WORK TO BE COMPLETED -> The records must be retyped exactly, with no pictures included.

Data extracted from a collection:

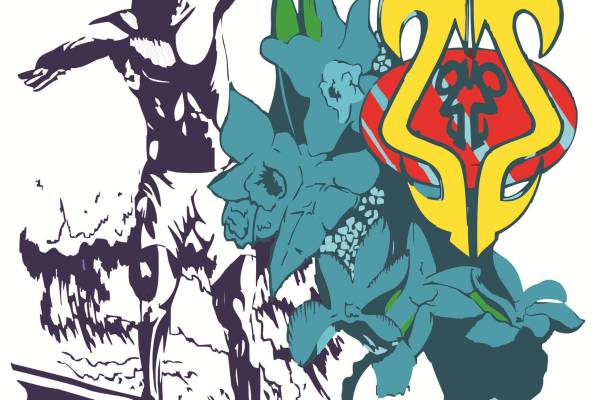 字母人物裁片印花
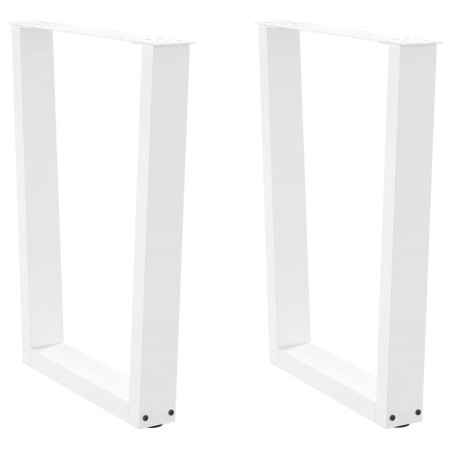 Patas para mesa de comedor forma V 2 uds blanco 70x(72-73,3) cm de , Patas para mesas - Ref: Foro24-4012645, Precio: 97,01 €,...
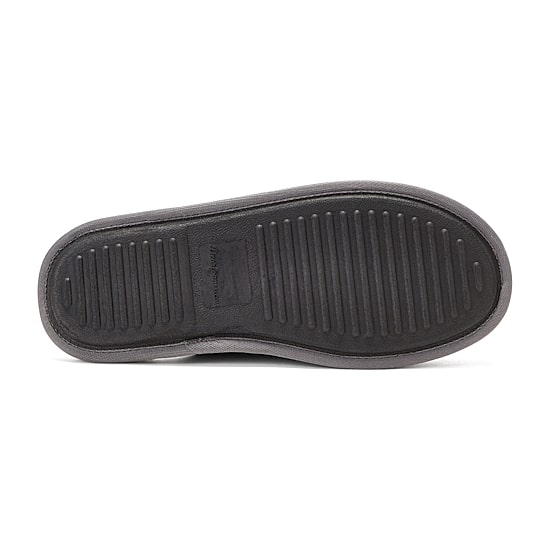 Dearfoams Kirk Genuine Suede Scuff With Prayer Seam - Whole Sizing Mens Clog Slippers
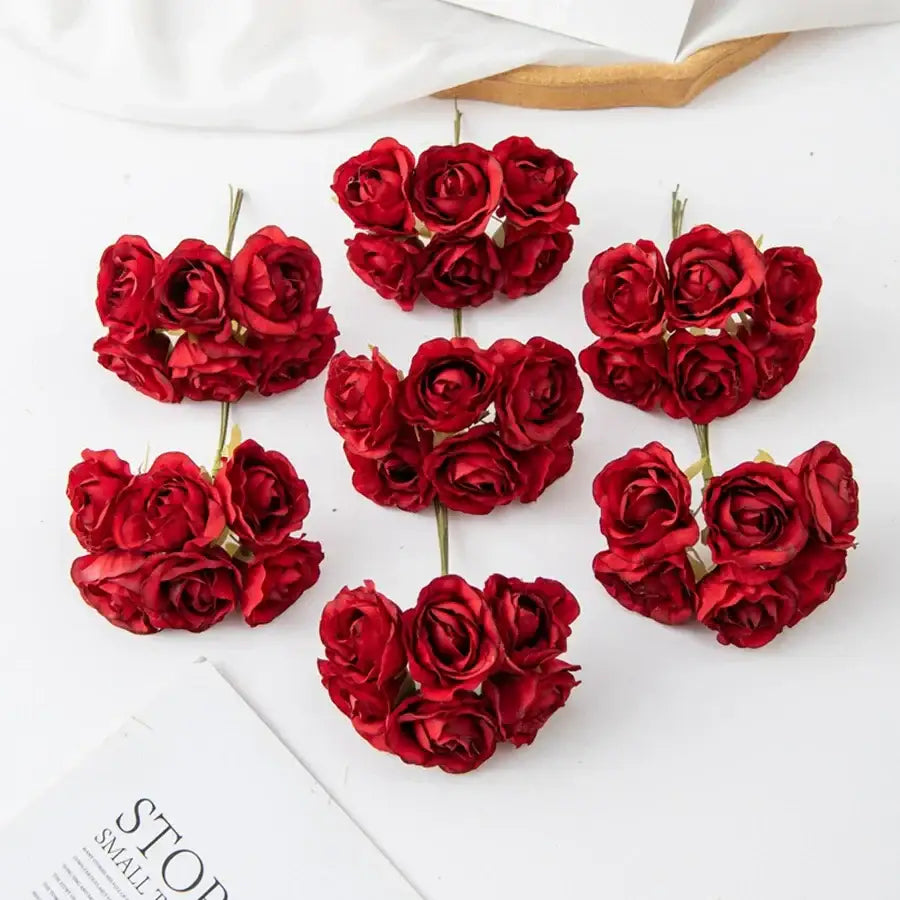 DecorBites™ Artificial Rose Bouquet for Christmas, Home Decor, Wedding, Garden Arch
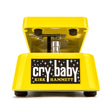 Front view of a  yellow Kirk Hammett Dunlop Wah pedal.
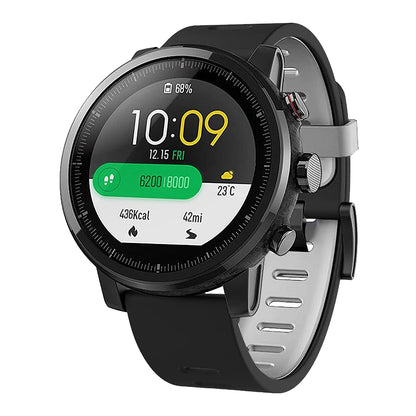 FIFATA - Correa de silicona para reloj Huami Stratos Band, repuesto para Xiaomi Amazfit Stratos 2, 2S, 3, Pace, GTR, 47 mm, GTR 3, 2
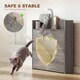 image 5 of HOMCOM Folding Dining Table, Kitchen Table with Shelves Grey Wood Effect | Grey | Grey wood effect | Expanded: 78.5 x 91 x 93 cm; Folded: 78.5 x 20 x 93 cm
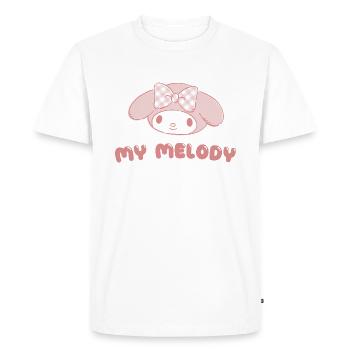 My Melody Portrait - Men's Premium Organic T-Shirt - white - Front - Nico (187cm)
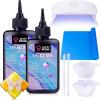 LET’S RESIN UV Resin with Light,Upgraded 200g Crystal Clear&Low Odor,UV Light,Silicone Mat,Ultraviolet Epoxy Resin Hard, Starter Kit for Jewelry,Craft Decor, Keychain Making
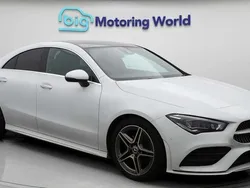 White Used 2022 Mercedes CLA180 AMG line Sedan | £26,500 (Fair price)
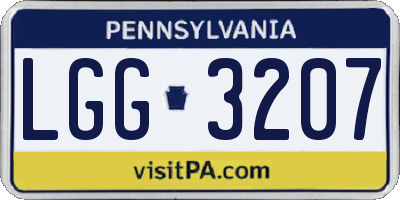 PA license plate LGG3207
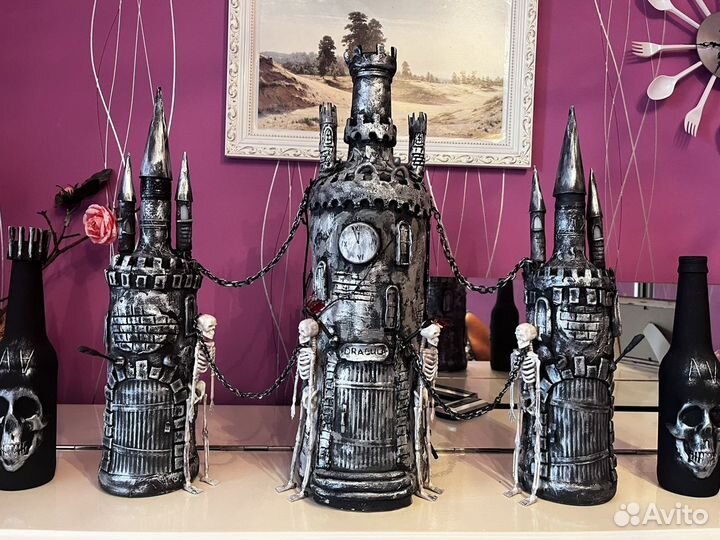 Шикарный набор бутылок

EXERCISE OUTPUT ->
 字母人物裁片印花
 Patas para mesa de comedor forma V 2 uds blanco 70x(72-73,3) cm de , Patas para mesas - Ref: Foro24-4012645, Precio: 97,01 €,...
 Dearfoams Kirk Genuine Suede Scuff With Prayer Seam - Whole Sizing Mens Clog Slippers
 DecorBites™ Artificial Rose Bouquet for Christmas, Home Decor, Wedding, Garden Arch
 Front view of a  yellow Kirk Hammett Dunlop Wah pedal.
 FIFATA - Correa de silicona para reloj Huami Stratos Band, repuesto para Xiaomi Amazfit Stratos 2, 2S, 3, Pace, GTR, 47 mm, GTR 3, 2
 image 5 of HOMCOM Folding Dining Table, Kitchen Table with Shelves Grey Wood Effect | Grey | Grey wood effect | Expanded: 78.5 x 91 x 93 cm; Folded: 78.5 x 20 x 93 cm
 My Melody Portrait - Men's Premium Organic T-Shirt - white - Front - Nico (187cm)
 LET’S RESIN UV Resin with Light,Upgraded 200g Crystal Clear&Low Odor,UV Light,Silicone Mat,Ultraviolet Epoxy Resin Hard, Starter Kit for Jewelry,Craft Decor, Keychain Making
 White Used 2022 Mercedes CLA180 AMG line Sedan | £26,500 (Fair price)
 PA license plate LGG3207
 Шикарный набор бутылок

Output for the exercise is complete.